The substantial sacrifice for this tournament of Duane Vermeulen, the powerhouse No 8 who was so influential in June’s 2-1 series triumph over England, is comfortingly offset by the return to the starting line-up of physical, enforcer-type figures like Malcolm Marx and Eben Etzebeth from injury.
Similarly, in being deprived of the 42-cap Vermeulen, there is ample compensation in experience terms through Bath-based Francois Louw (57 Test appearances), albeit in a different berth to him, returning to the loosie alliance.
That is the area where the Boks will be under special scrutiny against the Pumas, given the widespread way in which Erasmus – remember, once a world-class loose forward himself, so not acting without great acumen or confidence – has remoulded his plans, now sans Vermeulen’s grunt.
No single player stays in his same role from the trio who did duty, and to admirable standards, in the last two Tests of the England series (Bloemfontein and Cape Town): captain Siya Kolisi, Pieter-Steph du Toit, at seven, and Vermeulen.
Kolisi, of course, is the only one keeping his place in the latest loose trio but there is a notable shift for the Stormers man: back from the open-side role to the No 7 duty.
It may not have been an easy step for coach Erasmus to take, mindful that there was a period in his Test career, now stretching back to 2013, when Kolisi operated at blind-side but, while always being a firm tackler and willing ball-carrier, didn’t always give quite as much broad “go-forward” as you would wish of the player in that position.
A spot sometimes occupied by forwards who have the tonnage to double as imposing locks, the Zwide-born competitor tips the scales at a relatively modest 103kg and isn’t the tallest No 7 in the world, either.

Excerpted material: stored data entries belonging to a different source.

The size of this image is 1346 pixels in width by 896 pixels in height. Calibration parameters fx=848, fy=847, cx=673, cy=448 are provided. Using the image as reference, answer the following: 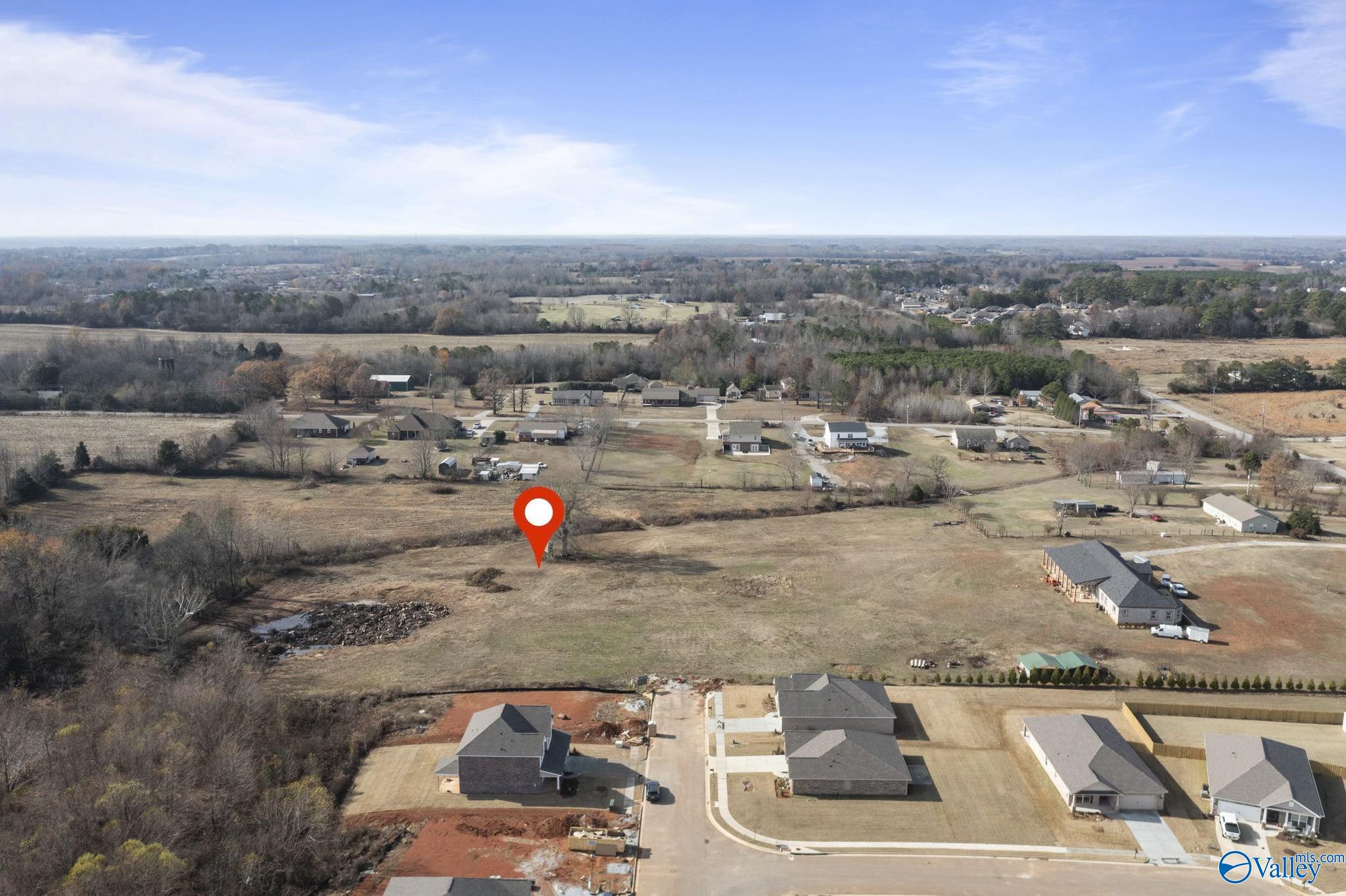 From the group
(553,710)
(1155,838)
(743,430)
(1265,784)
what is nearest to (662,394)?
(743,430)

A personal view is that Kolisi’s gradual education in the fetcher berth should have been allowed to continue, even as it remains apparent he is not the most natural of pilferers.
Truth be told, if there was a role somewhere directly between six and seven for flankers – say a six-and-a-half jersey? – then Kolisi would tick the box wonderfully.

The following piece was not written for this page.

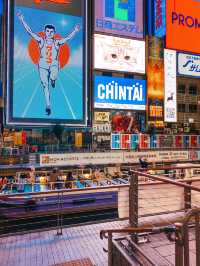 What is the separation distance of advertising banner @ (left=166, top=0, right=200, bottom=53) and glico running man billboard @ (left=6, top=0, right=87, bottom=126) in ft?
14.5

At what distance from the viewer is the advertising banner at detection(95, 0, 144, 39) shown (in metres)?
14.5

Instead there is renewed pressure on him to readjust swiftly to the blind-side responsibility, and knowing full well that his No 8, the skilful, roaming former national skipper Warren Whiteley, is also no Vermeulen in the pure bulldozing stakes.

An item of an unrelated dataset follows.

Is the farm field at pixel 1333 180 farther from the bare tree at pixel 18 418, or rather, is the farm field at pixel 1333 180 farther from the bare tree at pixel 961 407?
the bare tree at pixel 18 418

That is where Louw, now to play his first Test since the 35-6 victory over Italy at Padova in November last year, will come in useful for his own, not inconsiderable tale of the tape – 114kg and 1.90m, making him the most physically imposing of the Bok starting loosies this weekend.
Although officially stationed at six and expected to be a significant nuisance over the ball against the Pumas, he is not unlike Kolisi in being adaptable between the two flank roles (not to mention increasingly comfortable at No 8 if required, too).
Louw is a rugged ball-carrier when the opportunity arises, and bear in mind that he was playing full-time on the blindside toward the climax of his final season with the Stormers in 2010 before his switch to the English Premiership.
In the Super Rugby final that year, which Louw started in, Schalk Burger was the No 6 and Vermeulen wearing the eighth-man jersey in the defeat to compatriots the Bulls in Soweto.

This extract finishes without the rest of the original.